- TASK -
No picture should appear in the copy. Transcribe exactly, and only, the lines from the one with "Odyssey Oworks 2W" through the last line of the data below.

- PROVIDED DATA -
----------------
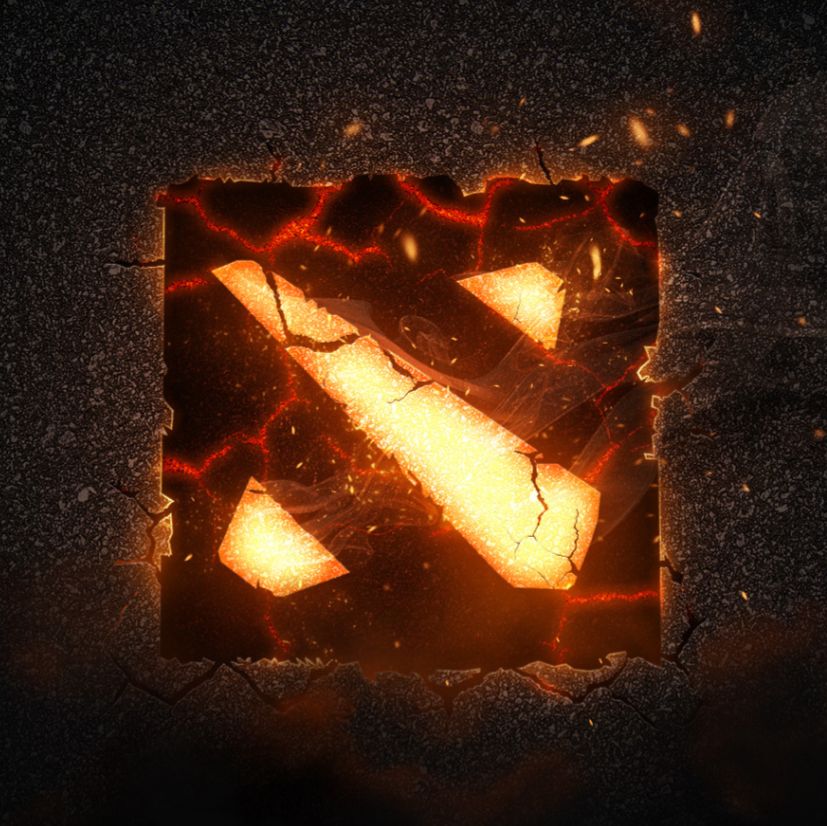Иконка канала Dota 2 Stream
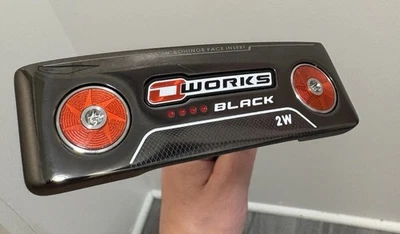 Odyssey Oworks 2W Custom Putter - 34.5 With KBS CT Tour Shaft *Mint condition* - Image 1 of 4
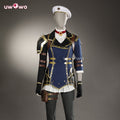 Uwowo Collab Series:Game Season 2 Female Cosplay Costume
----------------
- COMPLETED EXERCISE -
 Odyssey Oworks 2W Custom Putter - 34.5 With KBS CT Tour Shaft *Mint condition* - Image 1 of 4
 Uwowo Collab Series:Game Season 2 Female Cosplay Costume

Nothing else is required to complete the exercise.